La recommandation met plus particulièrement l’accent sur l’autonomie de chaque convention, atténuant les inquiétudes exprimées par le passé par certains pays en développement que la création de liens solides avec les autres conventions puisse faire perdre à la Convention de Bâle son élan et son unicité. Selon de nombreux participants, la décision sur les synergies constitue l’un des principaux résultats de la CdP9. Beaucoup prédisent que l’amélioration des synergies permettra non seulement de favoriser des économies de coûts et l’amélioration de l’efficacité pour les trois conventions sur les produits chimiques, mais permettra aussi de hausser leurs profils dans le système des Nations Unies, et de stimuler la discussion sur la gouvernance environnementale internationale au sein du PNUE. En outre, étant donné que la CdP de la Convention de Bâle a été la première à examiner la recommandation du GTCS, sa décision de l’adopter fait sans aucun doute de la Convention de Bâle une pionnière dans le processus des synergies et sera considérée comme un précédent par les CdP des Conventions de Rotterdam et de Stockholm.

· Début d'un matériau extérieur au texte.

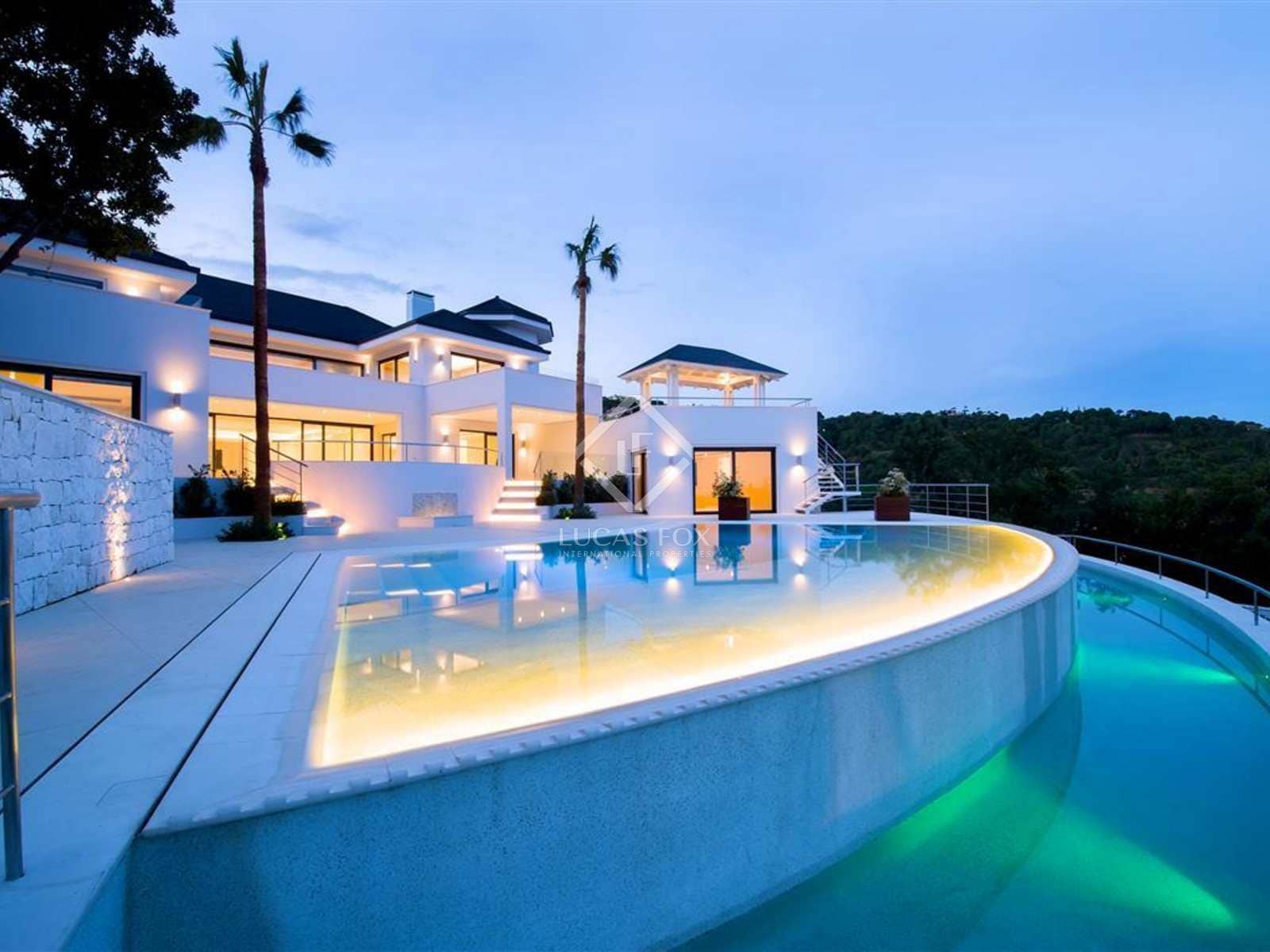 5 Zimmer Villa zu verkaufen in Benahavis mit Pool Garage - 9.400.000 € (Ref: 2818938)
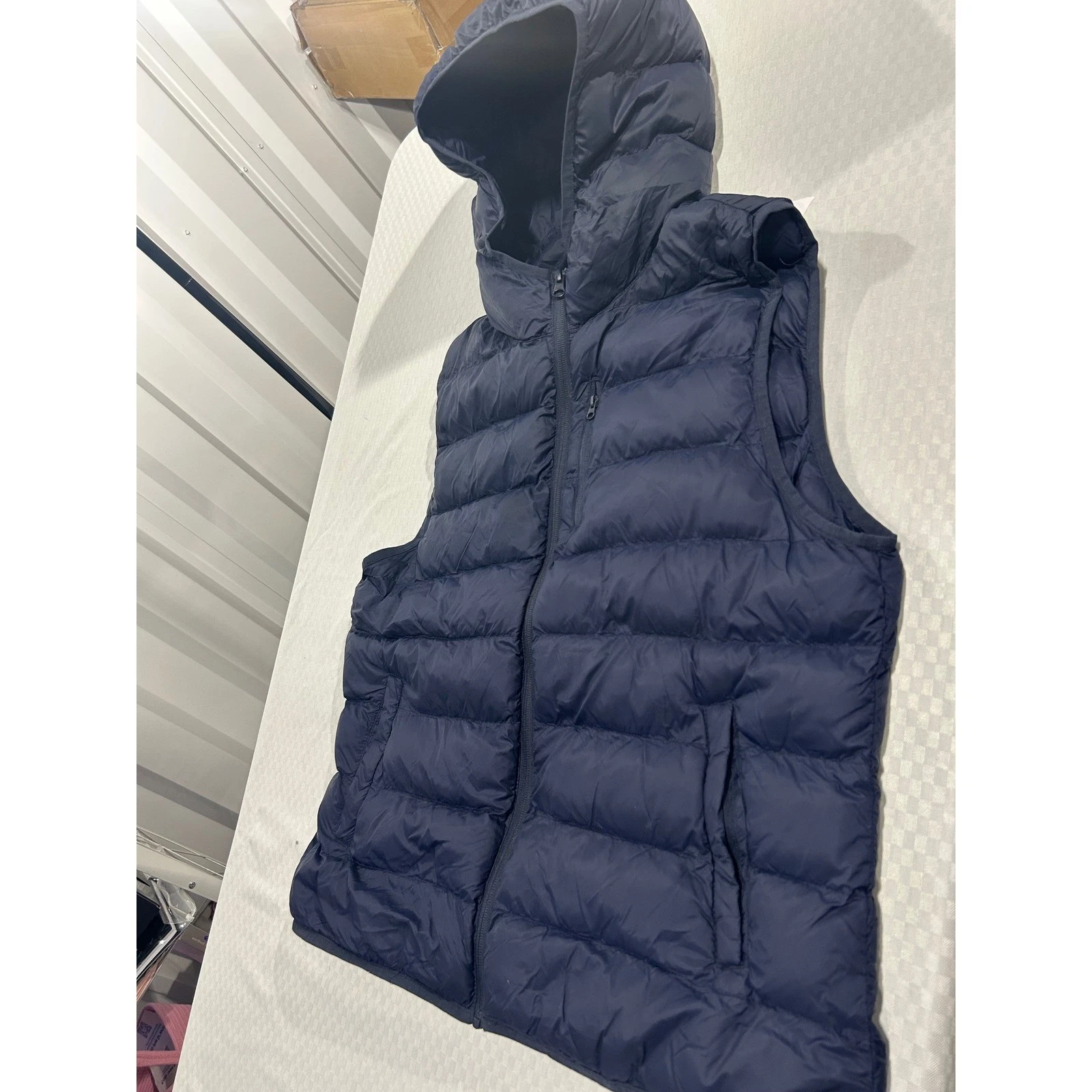 Fabletics Mens Navy Blue Hooded Puffer Vest Quilted Full Zip XL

AMENDEMENT RELATIF À L’INTERDICTION

Pour ceux qui ont suivi l’Amendement relatif à l’interdiction depuis son adoption en 1995, il n’est guère surprenant que la CdP n’ait pas été en mesure de résoudre la question de l’interprétation de l’Article 17(5) de la Convention de Bâle, qui permettra de déterminer le nombre de ratifications nécessaires pour l’entrée en vigueur de l’Amendement relatif à l’interdiction. En substance, les délégués sont divisés en deux camps. Le premier camp soutient l’approche “actuelle”, selon laquelle le nombre de ratifications requises pour l’entrée en vigueur de l’Amendement relatif à l’interdiction doit être basé sur le nombre actuel des parties à la Convention de Bâle, à savoir 170. Le second camp défend l’approche “à un moment déterminé”, selon laquelle le nombre de ratifications nécessaires doit être calculé sur la base du nombre de parties à la Convention lorsque l’Amendement relatif à l’interdiction a été adopté, à savoir 82. Pour compliquer les choses, deux opinions différentes viennent partager le second camp. Selon la première, le nombre de ratifications requises pour l’entrée en vigueur de l’interdiction a été rempli, vu que 63 parties, plus des trois-quarts des 82, ont ratifié l’amendement. L’autre opinion estime que le nombre magique n’a pas encore été atteint, car seules comptent les ratifications des parties “qui ont accepté” l’amendement en 1995, et non pas les ratifications de celles qui ont adhéré à la Convention plus tard.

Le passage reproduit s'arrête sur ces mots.